La Constitution américaine le cite expressément, et pas dans le Bill Of Rights, la déclaration des droits, composée des amendements 1 à 10, adoptés en 1791 peu de temps après la Constitution, mais dans le corps même de la Constitution :

Article 1, section 9, alinéa 2 : Le privilège de l'ordonnance d'habeas corpus ne pourra être suspendu, sauf dans les cas de rébellion ou d'invasion, où la sécurité publique pourrait l'exiger.

On pourrait donc croire qu'il est bien protégé. De fait, il n'a été suspendu que deux fois : Par Lincoln durant la guerre de Sécession, et par Grant en 1870 (Tiens ? Deux Républicains...) dans le cadre de la lutte contre le Ku Klux Klan.
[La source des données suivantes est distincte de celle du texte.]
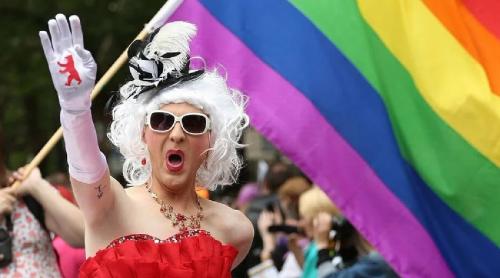 60 de eurodeputați cer Comisiei Europene să participe la Parada Pride de la Budapesta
En tout cas, il n'est pas à l'abri de l'imagination de Monsieur Gonzales, qui a osé tenir ces propos devant la commission sénatoriale (traduction de votre serviteur), en réponse à une question du sénateur Arlen Specter (Républicain, Pennsylvanie) :

Il n'y a pas de garantie expresse d'Habeas [corpus] dans la Constitution ; il y a une interdiction de le suspendre.

On imagine la surprise de l'honorable Congressman.

Attendez une minute : la Constitution dit que l'on ne peut pas le suspendre sauf en cas de rébellion ou d'invasion. Cela ne signifie-t-il pas que vous avez le droit d'Habeas Corpus à moins qu'il ne se produise une rébellion ou une invasion ?

Réponse de l'Attorney General :

La Constitution ne dit pas que tout individu aux Etats-Unis ou tout citoyen se voit accorder ou garantir le droit d'Habeas Corpus. Elle ne dit pas cela. Elle dit simplement que ce droit ne peut pas être suspendu sauf en cas de rébellion ou d'invasion.

Admirons la réserve de la réplique du Sénateur Specter :

J'ai l'impression que vous violez votre interdiction d'outrager l'intelligence.

Je vous rappelle les critères du Prix Busiris : une affirmation juridiquement aberrante, si possible contradictoire, teintée de mauvaise foi et mue par l'opportunité politique plus que par le respect du droit.

Je crois que là, nous avons un cas d'école ; j'ai presque envie de rebaptiser le prix Busiris prix Gonzales.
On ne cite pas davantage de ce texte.